Published 6/4/2025 3:50 PM

The Grand Committee aligns, with clarifications, with the Government’s position in the negotiations on the CSAM Regulation

The Grand Committee of Parliament of Finland supports the Government's position in the EU negotiations concerning the proposal for a Regulation to prevent and combat child sexual abuse (the so-called CSAM Regulation). In its statement, the Committee presents clarifications to the Government's stance.

EU Member States last attempted to reach a general approach in December 2024, but the compromise proposal failed to gain the required qualified majority. The main challenges in the negotiations have related to provisions on detection orders—particularly the protection of confidential communications and encryption. In its November 2024 statement, the Grand Committee stated that the proposed model would have effectively circumvented the purpose of end-to-end encryption (press release: Grand Committee: Finland should not accept the CSAM compromise proposal regarding the detection order, 29 Nov 2024).

The new compromise proposal removes the provisions concerning detection orders, which the Grand Committee considers a positive development. The proposal no longer imposes a de facto obligation to break end-to-end encryption or restrict its use, nor does it lead to broad and indiscriminate monitoring or identification of communication content by authorities.

Instead, the proposal seeks to formalize the voluntary detection practices of providers of number-independent interpersonal communication services, as established under the temporary derogation regulation. Providers could continue, at their own discretion, to detect and report messages within their services. The Committee emphasizes that effective intervention requires not only public authority measures but also voluntary actions by service providers to ensure safe use and prevent crimes on their platforms.

The proposal has evolved in several respects in line with the negotiation objectives of the Parliament of Finland. It includes obligations that enhance the protection of children from online sexual abuse, such as risk assessment and mitigation duties, and the possibility to issue blocking and removal orders.

The Grand Committee supports, in principle, the model of integrating procedures from the temporary derogation regulation into permanent EU legislation. However, it stresses that further negotiations must ensure that voluntary detection provisions or any new solutions do not result in broad and indiscriminate interference with communication content, weaken data protection or cybersecurity, or hinder the use of strong encryption.

The regulation must also be fully compatible with the EU's General Data Protection Regulation and be implementable with current technology in a technology-neutral manner.
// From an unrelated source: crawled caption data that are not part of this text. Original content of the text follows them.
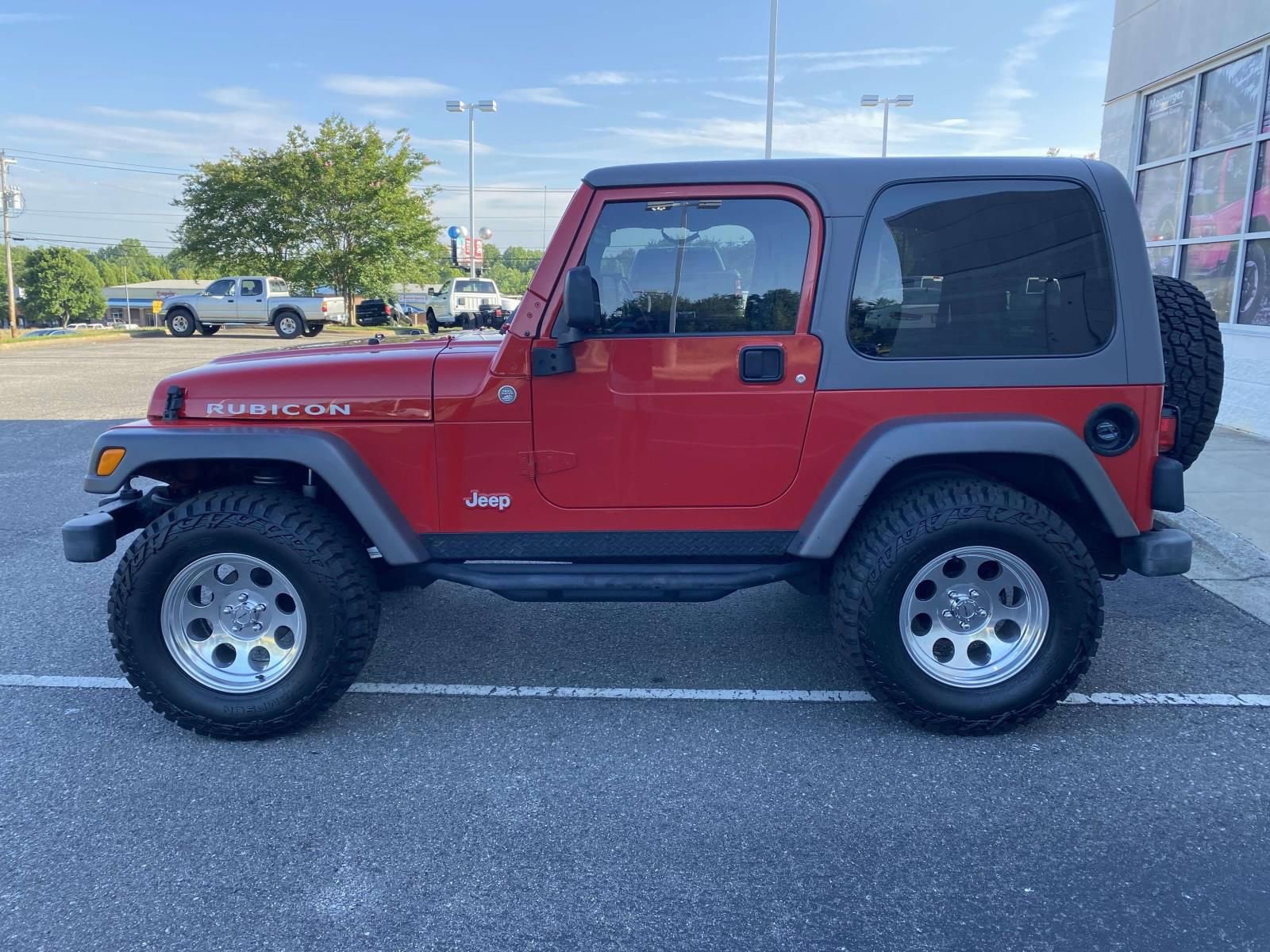 Used 2005 Jeep Wrangler Rubicon AWD/4WD image 5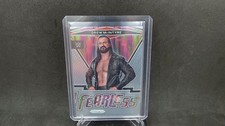 2022 Panini Prizm WWE Drew McIntyre - Fearless #18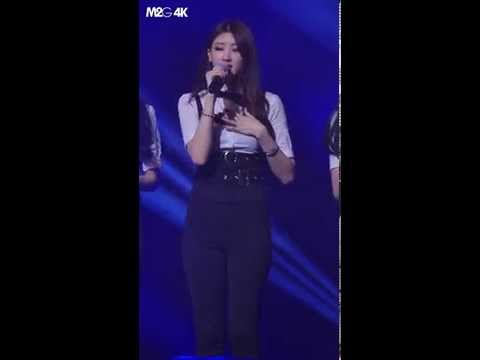 [직캠] 150121 쇼케이스 - 나인뮤지스 현아 ( 9월 17일 ) 4K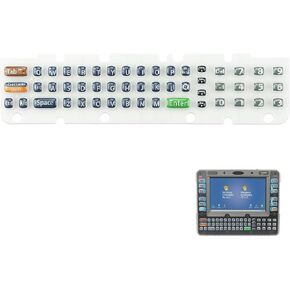 Rubber Keyboard (51-Key) for Honeywell Thor VM1 Vehicle-Mounted Computer,Keypad Replacement Support Computer,Foldable Silicone Flexible Material in Saudi Arabia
The Committee draws the Government's attention to the constitutional views expressed by the Constitutional Law Committee. Referring to its reasoning, the Grand Committee states that procedures and regulations created for crime prevention must meet the general conditions for restricting fundamental rights and be otherwise unproblematic from the perspective of the protection of confidential communications and other fundamental rights.

The Grand Committee considers that the Government must actively promote EU-level legal regulation that achieves the proposal's objectives of preventing and combating online child sexual abuse. This is especially important given the increasing and diverse ways in which such abuse is facilitated by digital networks. In addition to EU action, the objectives must also be effectively pursued through national measures and international cooperation. The fight against child sexual abuse must be based on preventing victimization, not merely on removing material or its distribution.

Parliament discussed Finland's negotiation position based on the government communication on a European Union matter. The Grand Committee received statements from the Constitutional Law Committee, the Transport and Communications Committee, and the Administration Committee.